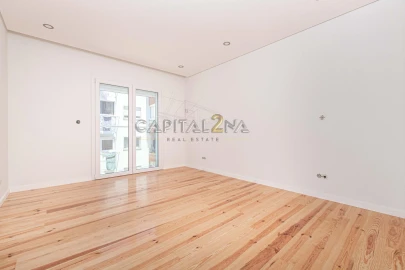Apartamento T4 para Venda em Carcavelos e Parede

——————

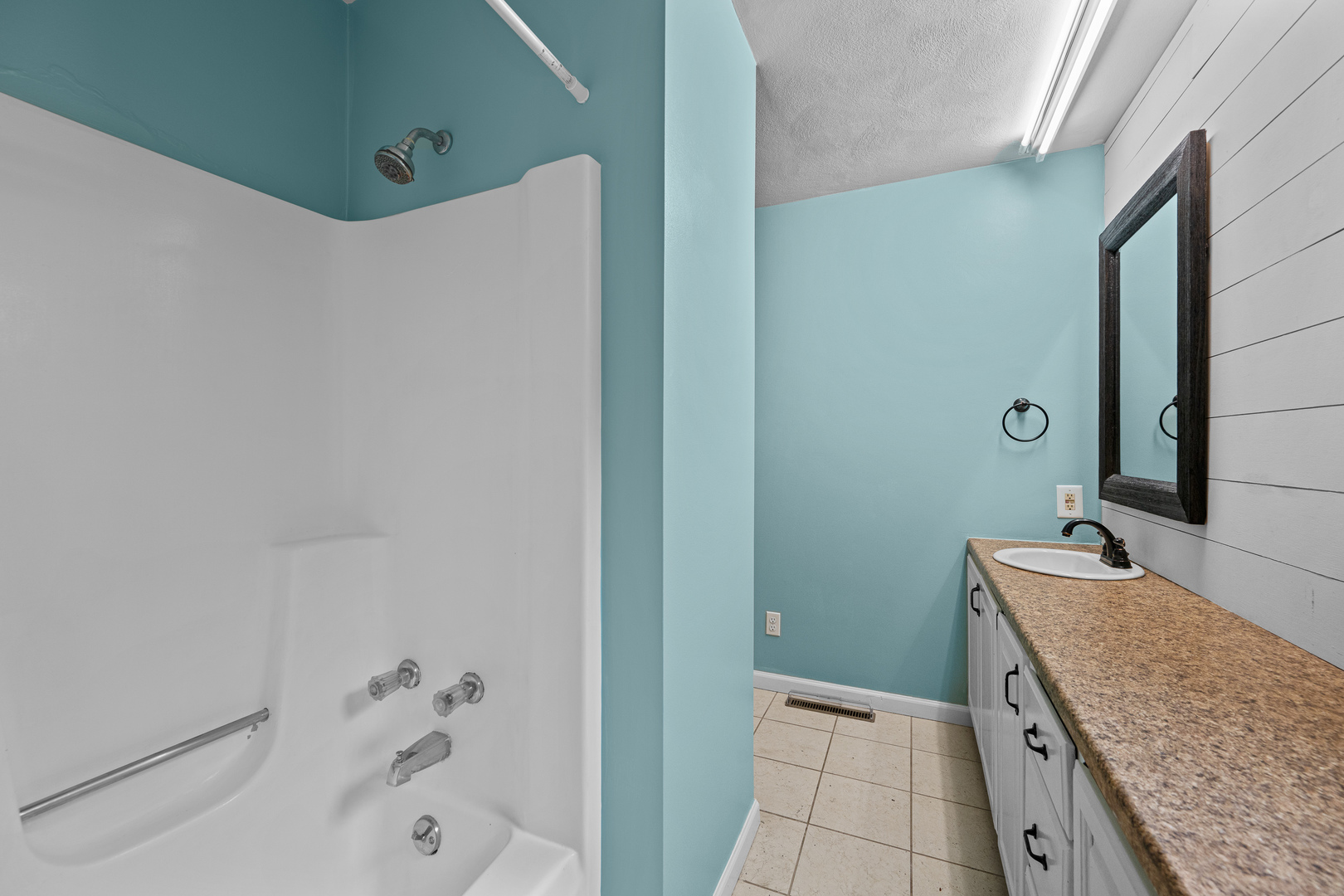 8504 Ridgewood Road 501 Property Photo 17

——————

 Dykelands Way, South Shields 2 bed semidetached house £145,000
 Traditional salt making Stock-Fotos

——————

Exercise objective
Within the material above, copy exactly the lines from the line that holds "Dykelands Way, South" up to and including the line that holds "Traditional salt making Stock-Fotos".

Problem solution
 Dykelands Way, South Shields 2 bed semidetached house £145,000
 Traditional salt making Stock-Fotos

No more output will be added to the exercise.